The 79th Festival de Cannes opens Tuesday, May 12, with Park Chan-wook in the jury president's chair and Pierre Salvadori's "La Vénus électrique" (The Electric Kiss) as the opening film. [1][2] Park is the first South Korean to lead the main competition jury in the festival's 79-year history; he succeeds Juliette Binoche. [3] What is still pending — and what the trade press is waiting on — is the rest of the jury. The festival typically reveals the eight-or-nine-member composition seven-to-ten days before opening night, which puts the announcement window inside the next ten days.

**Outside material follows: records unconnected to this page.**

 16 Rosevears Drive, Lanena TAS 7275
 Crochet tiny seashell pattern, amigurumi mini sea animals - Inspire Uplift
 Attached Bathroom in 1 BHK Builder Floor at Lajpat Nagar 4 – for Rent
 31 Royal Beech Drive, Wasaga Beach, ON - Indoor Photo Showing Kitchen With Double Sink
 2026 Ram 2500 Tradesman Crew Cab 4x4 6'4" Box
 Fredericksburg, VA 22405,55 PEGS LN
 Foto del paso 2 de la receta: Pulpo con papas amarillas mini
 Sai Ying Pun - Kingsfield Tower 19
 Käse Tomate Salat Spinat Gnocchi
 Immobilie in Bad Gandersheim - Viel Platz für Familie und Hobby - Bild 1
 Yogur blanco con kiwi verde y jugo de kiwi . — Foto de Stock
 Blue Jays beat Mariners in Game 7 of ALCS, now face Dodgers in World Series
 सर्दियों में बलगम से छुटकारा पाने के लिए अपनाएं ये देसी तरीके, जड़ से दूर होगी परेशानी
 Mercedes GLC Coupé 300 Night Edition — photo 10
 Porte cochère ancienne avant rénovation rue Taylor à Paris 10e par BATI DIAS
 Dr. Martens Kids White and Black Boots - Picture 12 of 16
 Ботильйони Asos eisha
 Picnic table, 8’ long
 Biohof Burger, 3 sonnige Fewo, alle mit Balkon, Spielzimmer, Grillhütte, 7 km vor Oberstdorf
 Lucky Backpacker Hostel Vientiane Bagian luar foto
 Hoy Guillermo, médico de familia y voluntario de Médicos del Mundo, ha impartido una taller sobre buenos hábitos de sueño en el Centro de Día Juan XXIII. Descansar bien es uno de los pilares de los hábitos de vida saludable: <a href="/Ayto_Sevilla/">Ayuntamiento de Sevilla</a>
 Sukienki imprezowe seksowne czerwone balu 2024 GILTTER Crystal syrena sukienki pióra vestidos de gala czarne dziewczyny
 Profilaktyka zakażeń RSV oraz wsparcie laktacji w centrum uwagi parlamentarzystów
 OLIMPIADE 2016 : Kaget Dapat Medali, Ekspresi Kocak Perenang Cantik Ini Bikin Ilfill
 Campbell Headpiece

Friday's paper carried Salvadori's elevation as the festival's curatorial register; Saturday's read is what comes around it. The short-films and La Cinef juries are already named, with Carla Simón presiding; Critics' Week is led by Payal Kapadia. [3] The main jury is the missing piece, and its eventual composition is the festival's strongest editorial choice — the eight people who will decide a Palme d'Or whose Competition slate already includes Asghar Farhadi, Cristian Mungiu, and Hirokazu Kore-eda.
The calendar around the festival is the news that travels with it. Met Gala Monday May 4 turns the costume calendar into a Manhattan event; Cannes Tuesday May 12 re-anchors it on a Mediterranean axis. The 2022-Russia-cycle boycott pressure is the smallest the festival has seen in three years, with no titles withdrawn over the war. [3]
What Saturday's reader is told to watch is the next jury name. The opener is fixed. The chair is fixed. The eight chairs around it are not.